Positron emission tomography (PET) imaging of glucose metabolism in the brain can accurately predict which patients with mild cognitive impairment will progress to full-blown Alzheimer’s dementia, researchers here say.

PET proved more accurate than screening for genetic predisposition to Alzheimer’s, Alexander Drzezga, M.D., of the Technical University of Munich, and colleagues reported in the October issue of the Journal of Nuclear Medicine. However, a combination of PET and genetic screening appeared to have the highest positive predictive value.

PET imaging of the brain’s glucose metabolism using the radiotracer fluorodeoxyglucose (FDG) measures synaptic activity and can identify neurodegenerative processes in the brain, according to the German team.

In the study, PET data were analyzed with an automated computer program that performed an observer-independent statistical comparison with an age-matched reference database. This approach has proved more accurate than observer-dependent approaches, the investigators said.

The longitudinal, prospective study included 30 patients who met the established diagnostic criteria for mild cognitive impairment but who had no diagnosable cerebral or systemic cause for the condition. Thus, this group likely contained a high proportion of pre-Alzheimer’s patients, the researchers said. The group consisted of 16 women and 14 men, with an average age of 70.

All patients underwent neuropsychological evaluation, a PET imaging scan, and genetic screening for the APOE-e4 allele, which has been identified as a major susceptibility gene. About 16 months later, patients underwent a second neuropsychological evaluation to determine who had progressed to Alzheimer’s dementia.

PET scans suggested a likelihood of Alzheimer’s dementia in 13 patients, and 11 of these progressed to dementia by the end of the study. Of the 17 patients with no suggestive PET findings, only one progressed to dementia. This test had a sensitivity of 92% (95% confidence interval=62-99), a specificity of 89% (95% CI=65-98), and a test accuracy of 90%. The positive predictive value was 85%.

Genetic tests identified susceptibility in 17 of the patients, and nine progressed to clinical dementia by the end of the study. Of the 13 patients without genetic susceptibility, three progressed to dementia. Thus, the researchers concluded this test had a sensitivity of 75% (95% CI=43-94), a specificity of 56% (95% CI=31-79), and a test accuracy of 63%. The positive predictive value was 53%.
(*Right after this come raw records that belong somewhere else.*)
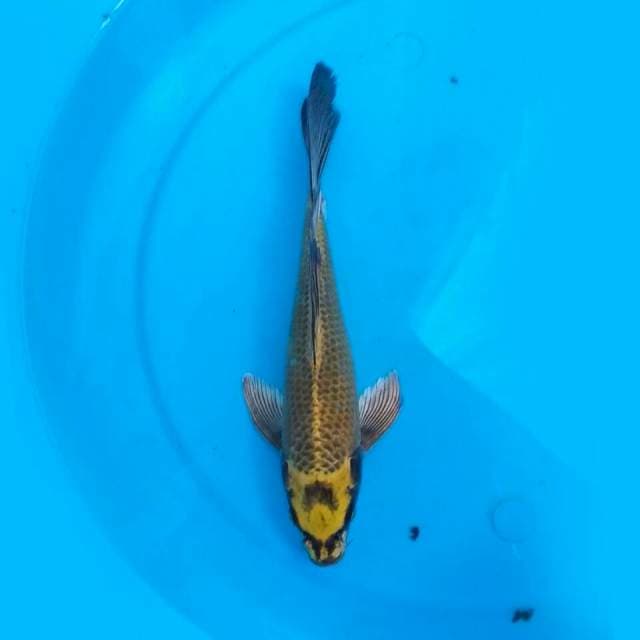 Kinbo Slayer 26cm
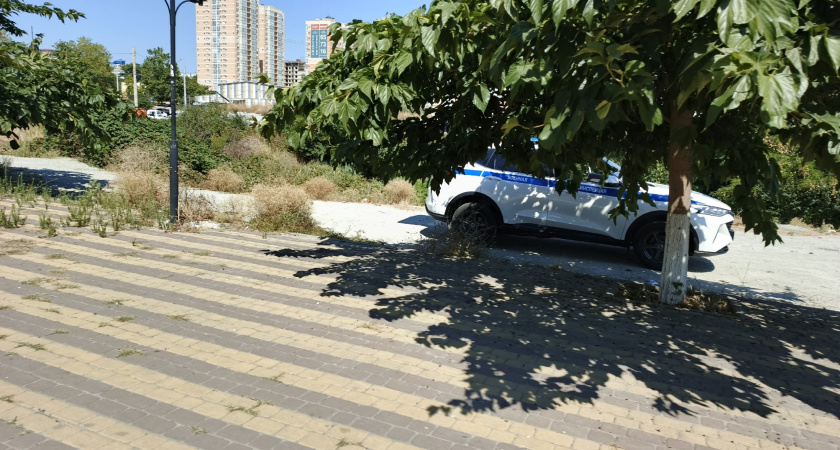 13 лет работаю в ДПС: каких слов добиваются сотрудники от водителя - честно от опытного инспектора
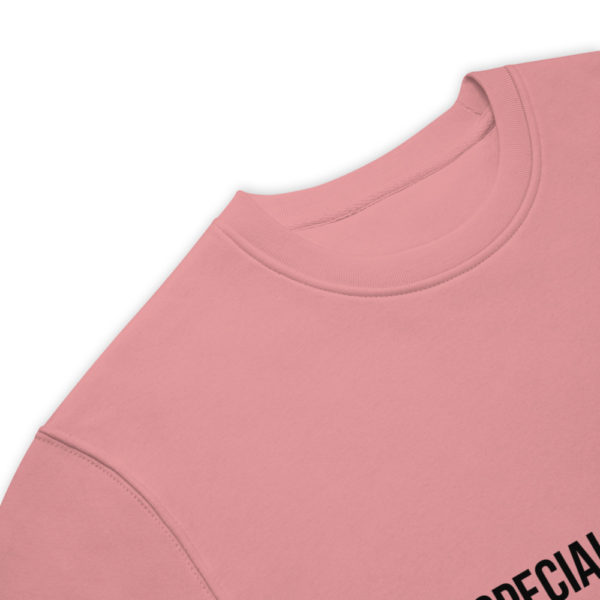 unisex eco sweatshirt canyon pink product details 61f923ff86965
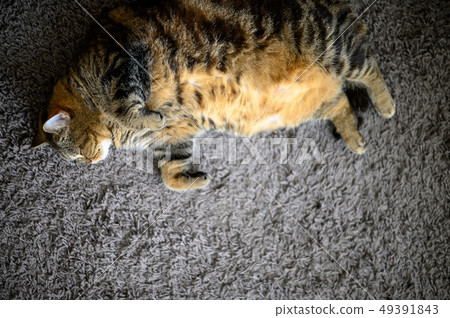 Cute cat sleeps perfect dream cat on a floor Cute cat sleeps perfect dream cat on a floor 49391843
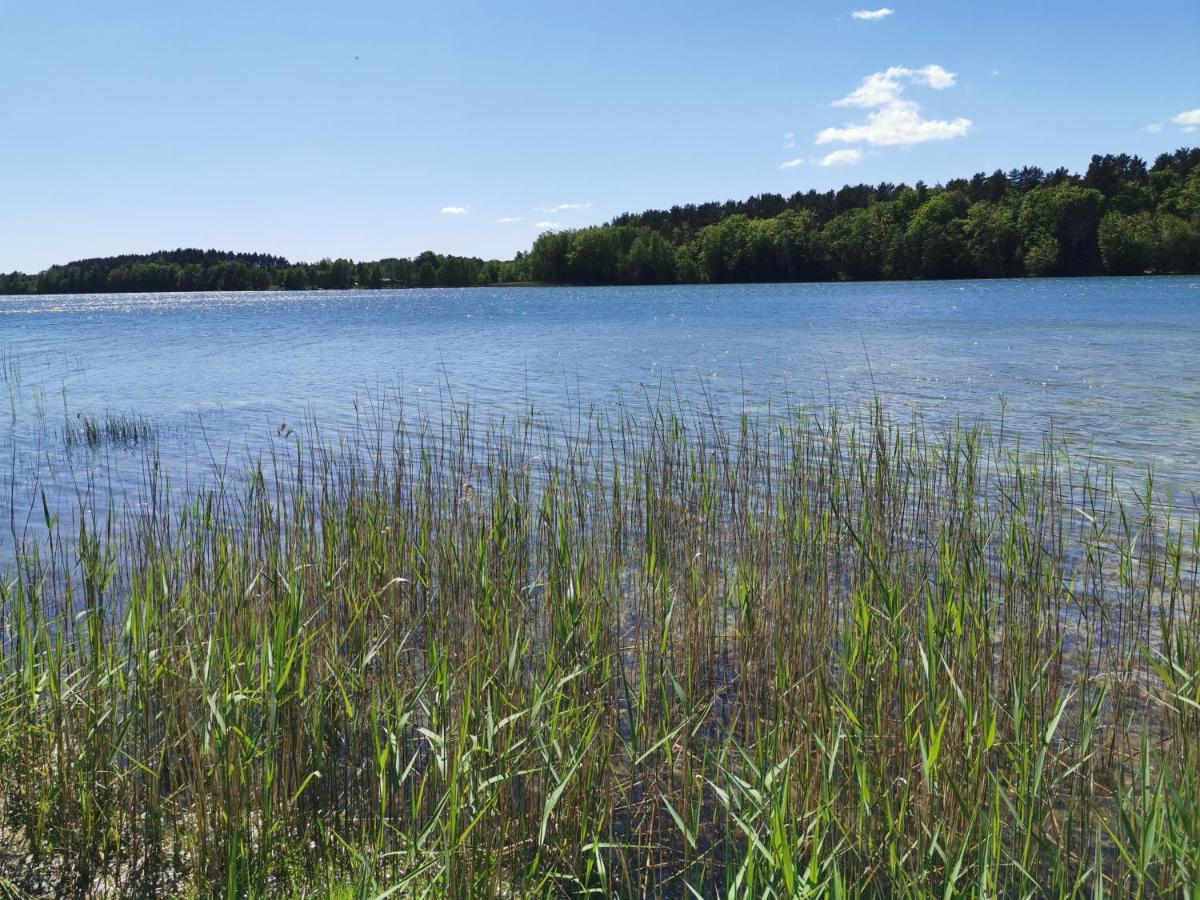 Kaszuby W Ostoja Bukowo - U Malgoski Domek 6 Z Widokiem Na Las I Internetem Villa Borowy Mlyn Buitenkant foto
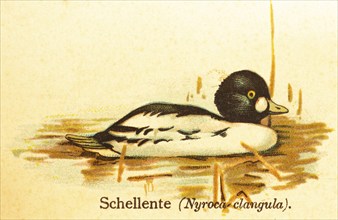 Common goldeneye (Bucephala clangula) water, swimming, world of birds, historical illustration 1890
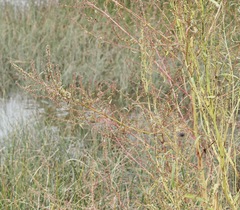 Amaranthus cannabinus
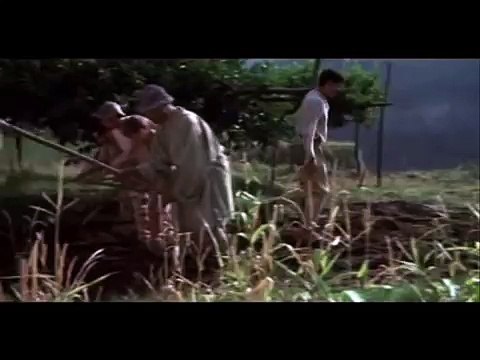 el decameron 3 pelicula de pier paolo pasolini.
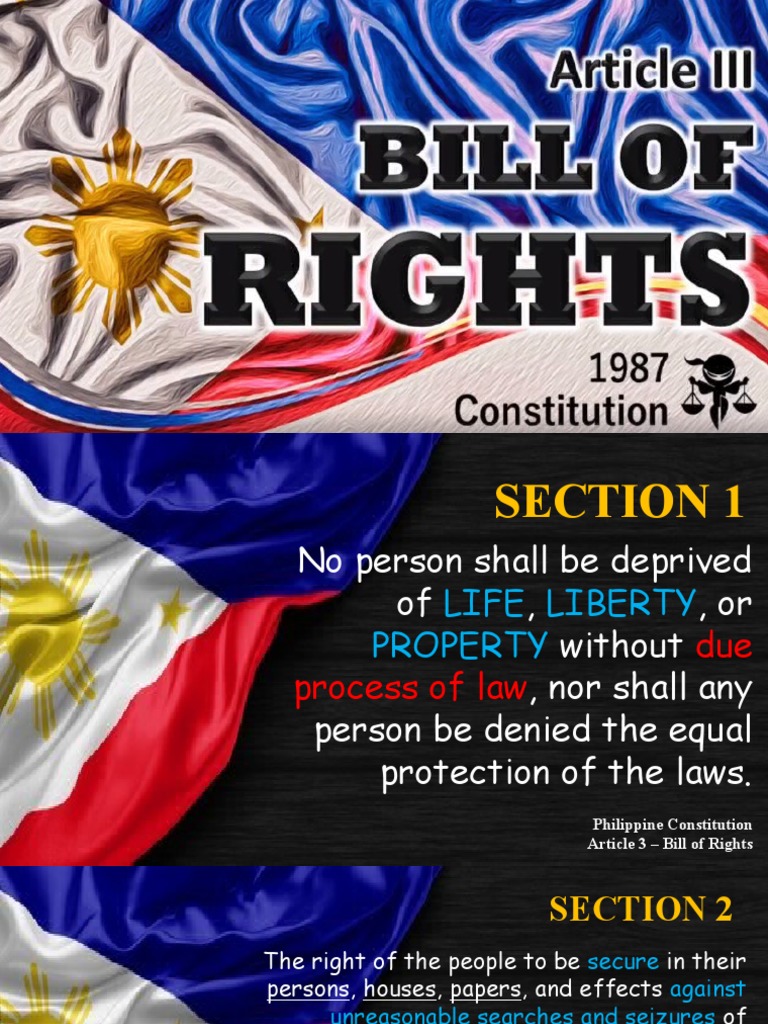 Philippine Bill of Rights Overview | PDF | Search And Seizure | Social ...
Eight patients had both suggestive PET scans and genetic susceptibility, and eight patients had neither. All patients with both progressed to dementia, while all patients with neither remained clinically stable. Of the 14 patients with either a suggestive PET scan or genetic susceptibility, only four progressed to dementia. The researchers calculated that combining both tests yielded a sensitivity of 67% (95% CI=35-90), a specificity of 100% (95% CI=81-100), and a test accuracy of 87%. The positive predictive value was 100%.

Combining both tests may be especially useful for identifying subgroups of patients with especially high or especially low risk, the investigators said.

“The current study underlines that a genetic disposition does not necessarily represent a determined prognosis, thus, the need for measures that allow the definition of the actual onset of a disease process is apparent,” Dr. Drzezga said. “Molecular imaging could play an important role in this context.”

Further studies will be necessary to determine the long-term usefulness of PET imaging, genetic screening, and the two combined, the study authors concluded.

Source:
Drzezga A et al. Prediction of individual clinical outcome in MCI by means of genetic assessment and F-FDG PET. The Journal of Nuclear Medicine. 2005; 46:1625-1632.